Kimi araştırmacılar ABD’nin 1,5 milyon insan öldürdüğünü ileri sürerken farklı kaynaklar bu rakamın 500 bin civarı olduğunu söylüyor. Kaliforniya Riverside Üniversitesinden Prof. Dr. Dylan Rodríguez, “Yüz binlerce, belki milyonlarca insan Filipinler’de öldürüldü.” derken gerçek rakamın asla bilinemeyeceğini belirtir. Bu “bilinmezlik” kolonyalizmin yıkıcı etkisini göstermekle beraber yukarıda bahsettiğimiz kolonyalizme dair gerçeklerin ortaya konamadığı yaklaşımının da doğruluğunu göstermektedir.

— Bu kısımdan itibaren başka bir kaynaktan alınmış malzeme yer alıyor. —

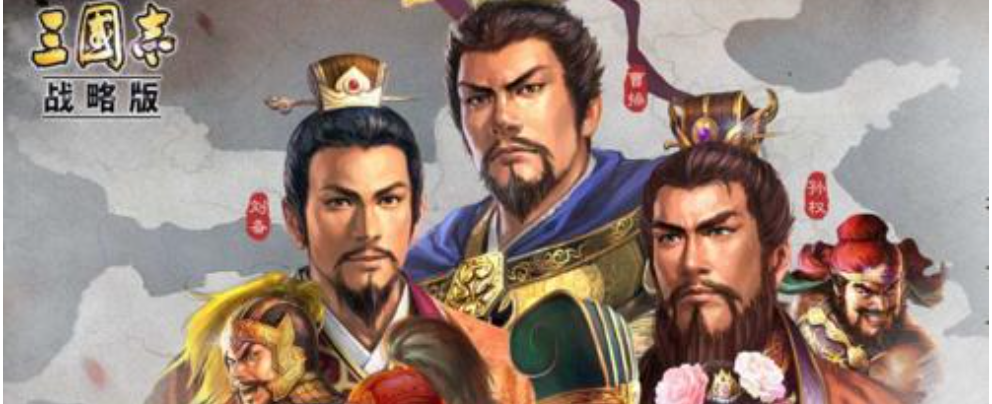 三国志战略版转区规则 转区怎么转多少钱介绍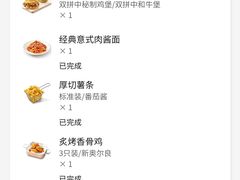 -必胜客(东大桥店)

Ölen insan sayısının dahi bilinemediği bir durumda gerçeğin ne olduğundan nasıl söz edilebilir ki? Rakamın 1,5 milyon ya da 500 bin kişi olması arasında hiçbir fark yok mu? İşgal edilen bir ülkede yüzbinlerce insanı öldürmek nasıl bir ülkeyi modernleştirme çabası olarak görülebilir? Yahut bugüne kadar neden hiç kimse bu bilgilerin peşine düşmemiştir?

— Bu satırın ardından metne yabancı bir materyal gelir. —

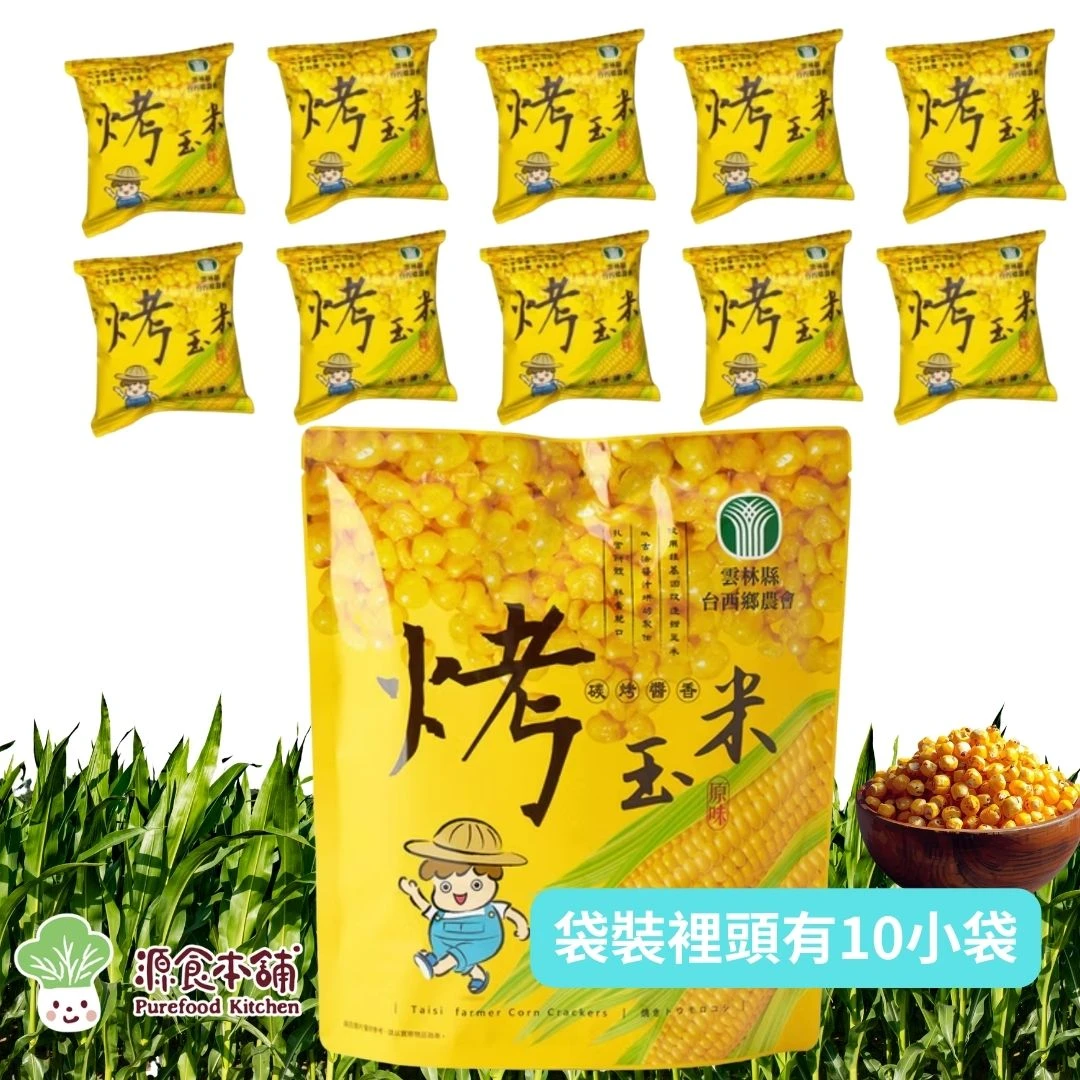 源食本舖-[免運]醬香烤玉米4包組合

Rodriguez, Amerika Birleşik Devletleri’nin bu katliamları hiçbir zaman kabul etmediğini de ekler. Peki, katliamı yok saymak soykırım uygulandığı gerçeğini ortadan kaldırır mı? Elbette kaldırmaz. Ancak Amerika’nın hakim baskın gücü bu acı gerçeklerle yüzleşmeye izin vermiyor. Bugün kolonyalizm konusunda üniversitelerin dahi gereken çalışmaları yapmaması, Filipinler’deki katliamın gerçek boyutunun ortaya koyulmaması, hakim paradigmanın gücünden kaynaklandığı gibi üniversiteler gibi bilgi üreten kaynakların egemen güçler karşısında aldıkları pozisyonla da doğrudan ilişkilidir. Oysa kolonyalizmle gerçek bir yüzleşme sağlanabilseydi bugün İsrail’in Gazze’de soykırıma girişmesi de o kadar kolay olmazdı. Aliya’nın “Unutulan soykırım tekrar eder.” sözünde ne kadar doğru bir yere temas ettiği bu örneklerden daha iyi anlaşılmaktadır. Filipinler’deki soykırımın unutulması Gazze’de, Irak’ta yeni soykırımlar uygulanmasına neden olmaktadır. Hatırlanacağı gibi ABD Başkanı Bush da, tıpkı Filipinler’in işgali hakkında William McKinley’in söylediği şekilde, Irak’ı işgal operasyonunu dünyaya ilan ettiğinde, “Irak’ı özgürleştirmekten” söz etmişti. “Özgürleştirme, modernleştirme, medenileştirme” gibi söylemler kolonyalizmi perdelemek için dile getirilen anahtar kavramlardır. Fakat, milyonlarca insanı öldürmeyi, doğal kaynakları talan etmeyi medenileştirme projesiyle açıklamak hakikate takla attırmak anlamına gelir. Zaten hiçbir Batılı ülke başka bir toprağa ayak bastığında işgal ediyoruz dememiştir. Bu kavramlar asıl amacı perdelemek adına kullanılır. Bu sebeple kolonyalizmle gerçek bir yüzleşme için önce zihinsel kolonyalizmden arınma gerekir. Bu sayede kavramların içerdiği gerçek anlam ile o kavramlara yüklenen yeni anlamlar arasında bir ayrım yapılabilir.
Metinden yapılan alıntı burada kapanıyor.